Understanding Benchmark Interface
This guide explains how benchmarks work through common interfaces in DecisionFocusedLearningBenchmarks.jl. Understanding this interface is essential for using existing benchmarks and implementing new ones.
Core Concepts
DataSample Structure
All benchmarks work with DataSample
objects that encapsulate the data needed for decision-focused learning:
@kwdef struct DataSample{I,F,S,C}
x::F = nothing # Input features
θ_true::C = nothing # True cost/utility parameters
y_true::S = nothing # True optimal solution
instance::I = nothing # Problem instance object/additional data
end
The DataSample
provides flexibility - not all fields need to be populated depending on the benchmark type and use case.
Benchmark Type Hierarchy
The package defines a hierarchy of three abstract types:
AbstractBenchmark
├── AbstractStochasticBenchmark{exogenous}
└── AbstractDynamicBenchmark{exogenous}
AbstractBenchmark
: static, single-stage optimization problemsAbstractStochasticBenchmark{exogenous}
: stochastic, single stage optimization problems
AbstractDynamicBenchmark{exogenous}
: multi-stage sequential decision problems
The {exogenous}
type parameter indicates whether uncertainty distribution comes from external sources (true
) or is influenced by decisions (false
), which affects available methods.
Common Interface Methods
Data Generation
Every benchmark must implement a data generation method:
# Generate a single sample
generate_sample(benchmark::AbstractBenchmark, rng::AbstractRNG; kwargs...) -> DataSample
This method should generate a single DataSample
given a random number generator and optional parameters.

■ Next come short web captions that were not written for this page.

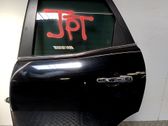 Rear door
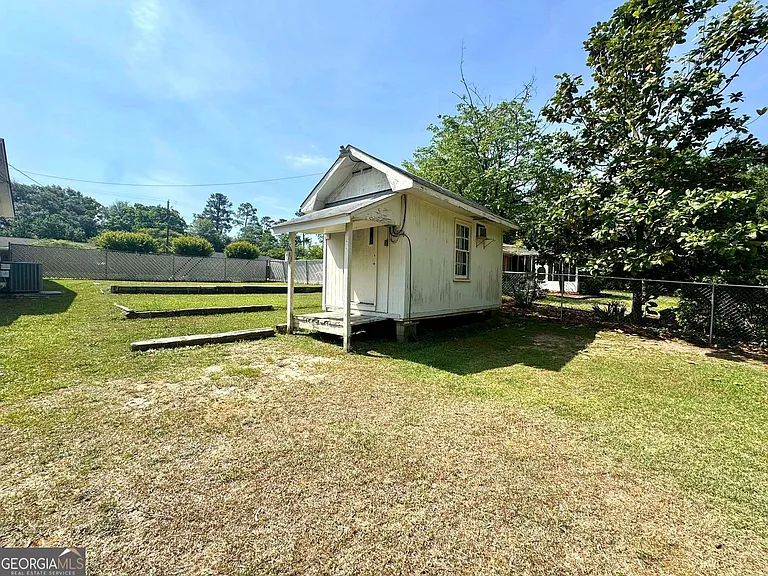 412 Woods Ave #A — Photo 24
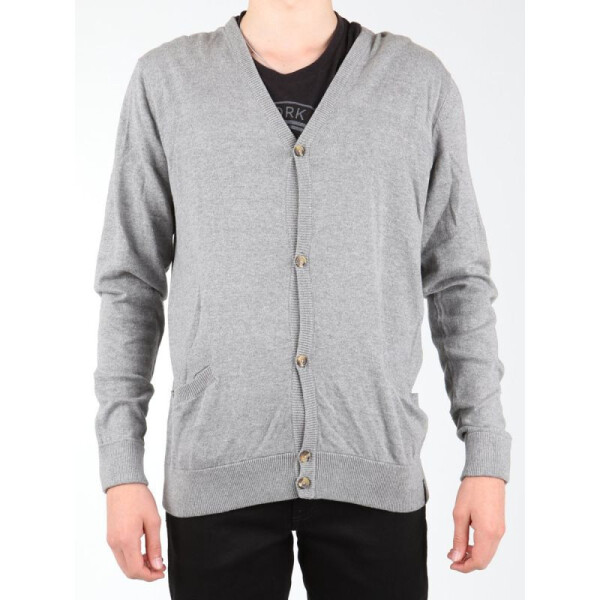 Pletený sveter Lee Cardigan L810OP37 L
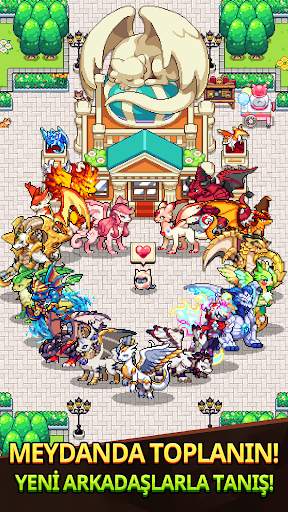 Dragon Village Collection screenshot 7
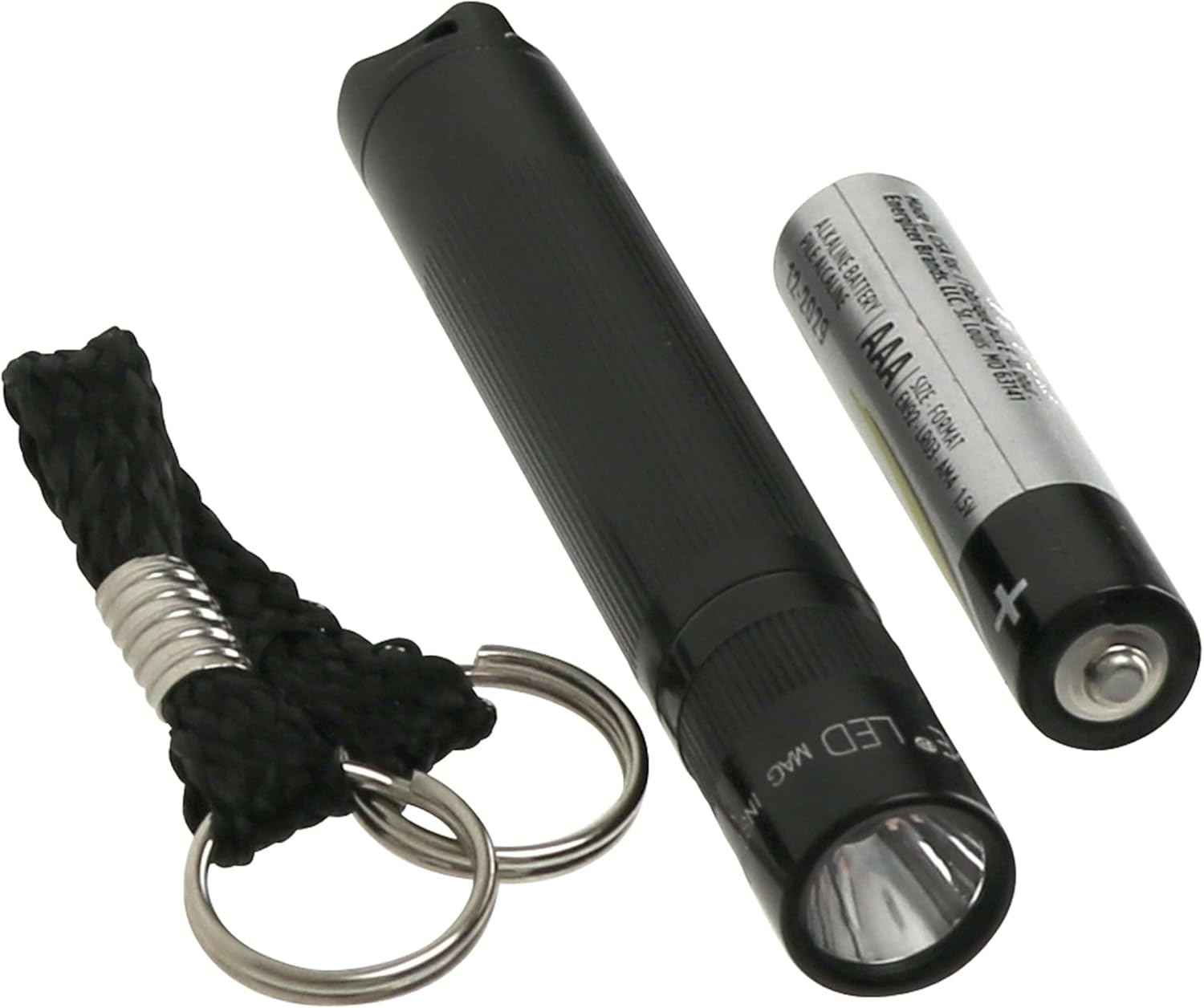 Maglite Solitaire LED AAA Flashlight Presentation Box image number 1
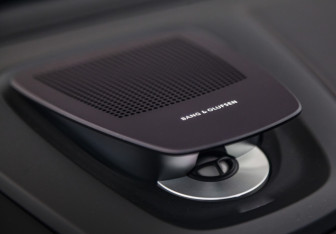 Подержанный автомобиль BMW X5 M 2016 года (26 фото)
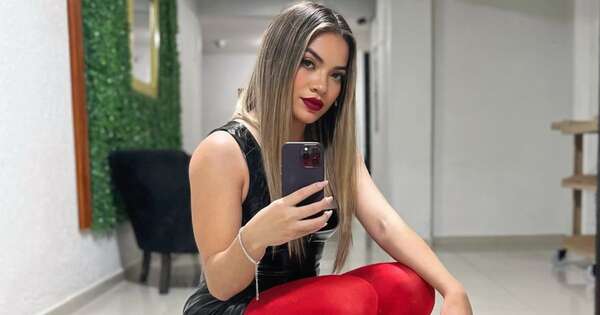 La Nación / “Falsas influencers”: ¿es Chenny TV parte de la mean girls paraguayas?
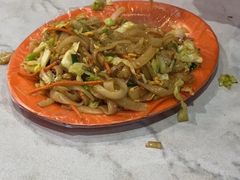 -蚝哥花姐湛江烤生蚝(美丽湾市场店)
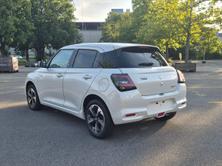 SUZUKI Swift 1.2 Piz Sulai Top Hybrid 4x4, Mild-Hybrid Benzin/Elektro, Neuwagen, Handschaltung - 3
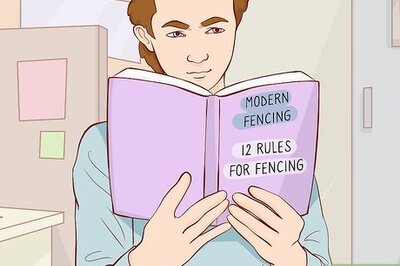 How to Dress for Fencing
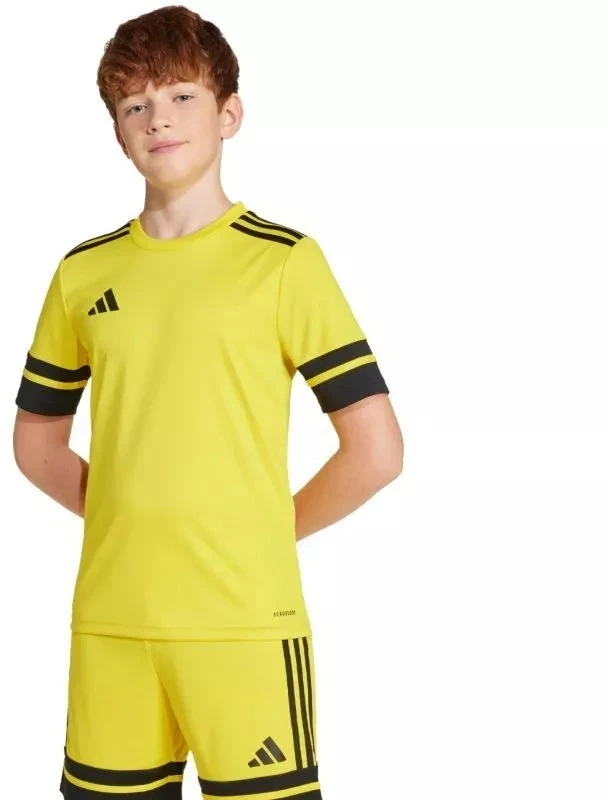 Adidas Squadra 25 Jr marškinėliai JJ0056
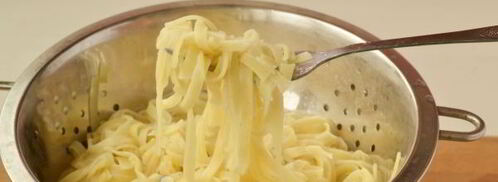 лагман с говядиной. Шаг 10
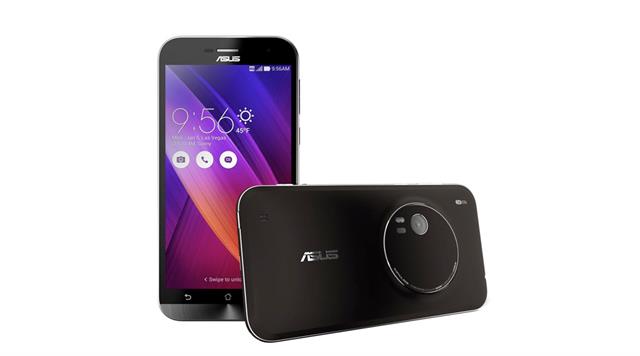Zenfone Zoom
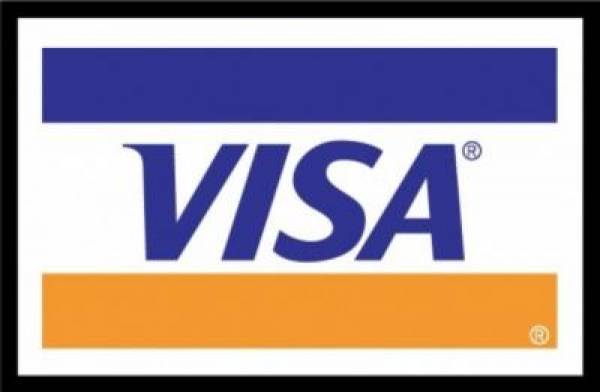UltimatePoker.com Begins Accepting Visa Credit Cards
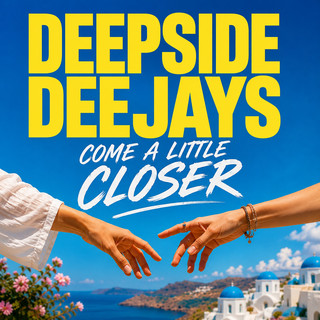 Deepside Deejays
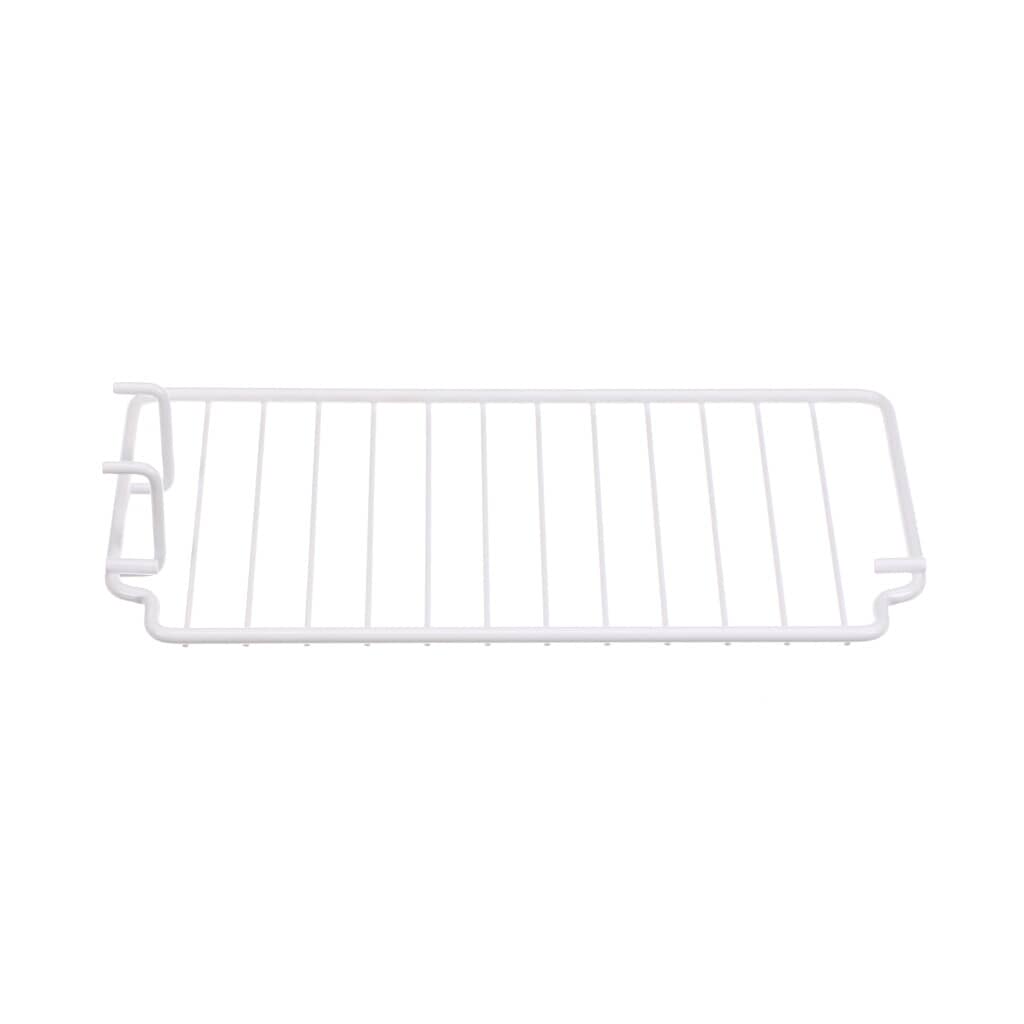 This is a genuine GE WR71X10527 SHELF FIXED FZ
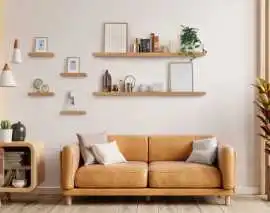 Big Floating Shelves Blitz Oak Empire Elevates, ps 0
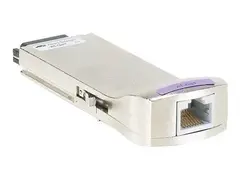 Allied Telesis AT-G8T - Utvidelsesmodul Gigabit Ethernet - for AT 9812T, G8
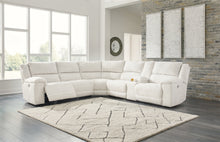 Load image into Gallery viewer, Keensburg 3-Piece Power Reclining Sectional
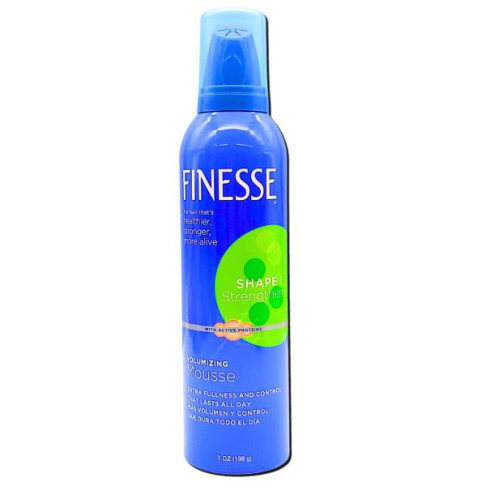 FINESSE MOUSE VOLUMIZING198gr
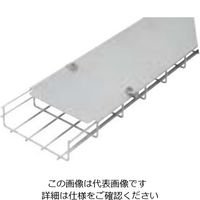 ネグロス電工 カバー スーパーダイマ SDWMRCV15 1本（直送品）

If needed, benchmarks can instead override the generate_dataset
method to directly create the entire dataset:
generate_dataset(benchmark::AbstractBenchmark, size::Int; kwargs...) -> Vector{DataSample}
The default generate_dataset
implementation calls generate_sample
repeatedly, but benchmarks can override this for custom dataset generation logic.
DFL Policy Components
Benchmarks provide the building blocks for decision-focused learning policies:
# Create a statistical model (e.g., a neural network)
generate_statistical_model(benchmark::AbstractBenchmark; kwargs...)
# Create an optimization maximizer/solver
generate_maximizer(benchmark::AbstractBenchmark; kwargs...)
The statistical model typically maps from features x
to cost parameters θ
. The maximizer solves optimization problems given cost parameters θ
(and potentially additional problem dependent keyword arguments), returning decision y
.
Benchmark Policies
Benchmarks can provide baseline policies for comparison and evaluation:
# Get baseline policies for comparison
generate_policies(benchmark::AbstractBenchmark) -> Tuple{Policy}
This returns a tuple of Policy
objects representing different benchmark-specific policies:
struct Policy{F}
name::String
description::String
policy_function::F
end
A Policy
is just a function with a name and description.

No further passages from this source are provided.